En 2024 la elección presidencial dio a Claudia Sheinbaum Pardo una amplia mayoría de alrededor de 59 por ciento. La elección de legisladores resultó para su coalición en poco menos de 54 por ciento de la votación, que fue tergiversada por una mayoría de consejeros del INE y por una votación mayoritaria en el Tribunal Electoral del Poder Judicial de la Federación para darle el 76 por ciento de los asientos en las cámaras legislativas. Con la presidencia en sus manos y la artificial mayoría que le permite realizar reformas constitucionales sin tener que negociar con las bancadas opositoras, los gobiernos de Andrés Manuel López Obrador y Claudia Sheinbaum Pardo se aprestaron a dar el paso siguiente: la renovación total del Poder Judicial, un reducto que aún el oficialismo guinda no controlaba y que, además, había emitido sentencias y amparos que bloquearon diversas disposiciones legales decididas en el Palacio Nacional.

Así, desde el último año de gobierno de AMLO se difundió entra los ciudadanos la idea de que los juzgadores en todo tipo de tribunales y la Corte eran casi por naturaleza perversos, corruptos y protectores de delincuentes; se hacía necesario su remplazo, y el método idóneo para realizarlo era la elección popular. La fórmula electoral como antídoto a la supuesta corrupción del Poder Judicial se difundió mediante densas campañas de medios que, por una parte, denostaban a los juzgadores y, por la otra, resaltaban el voto ciudadano como antídoto contra la descomposición judicial.

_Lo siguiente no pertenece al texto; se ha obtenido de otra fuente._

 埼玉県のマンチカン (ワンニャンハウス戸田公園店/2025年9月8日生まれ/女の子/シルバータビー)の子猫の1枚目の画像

El asunto no es menor, y el grupo en el gobierno lo sabe muy bien. La élite morenista, siempre conducida por López Obrador, calculó que no sería nada difícil capturar el Poder Judicial contando con una superioridad electoral y con la mayoría calificada que los organismos electorales les entregaron artificiosamente. Le llamaron “Plan C”. Reformaron la Constitución y elaboraron las leyes electorales a modo para obtener un poder judicial políticamente alineado con el gobierno y su partido, de manera muy similar a lo que ocurría en la época dorada del PRI en el poder.

Pese a un cúmulo de irregularidades en el proceso recién legislado para llegar a la elección, ésta comenzó a avanzar con el registro de candidatos, el diseño de las boletas y todo el operativo armado por el Instituto Federal Electoral para llegar a la jornada de este 1 de junio que hará de México, según la proclamación de la presidenta Sheinbaum, “el país más democrático del mundo”. Daremos lecciones de democracia a Suiza, Noruega, Nueva Zelanda, o quien quiera aprender en materia de poder ciudadano.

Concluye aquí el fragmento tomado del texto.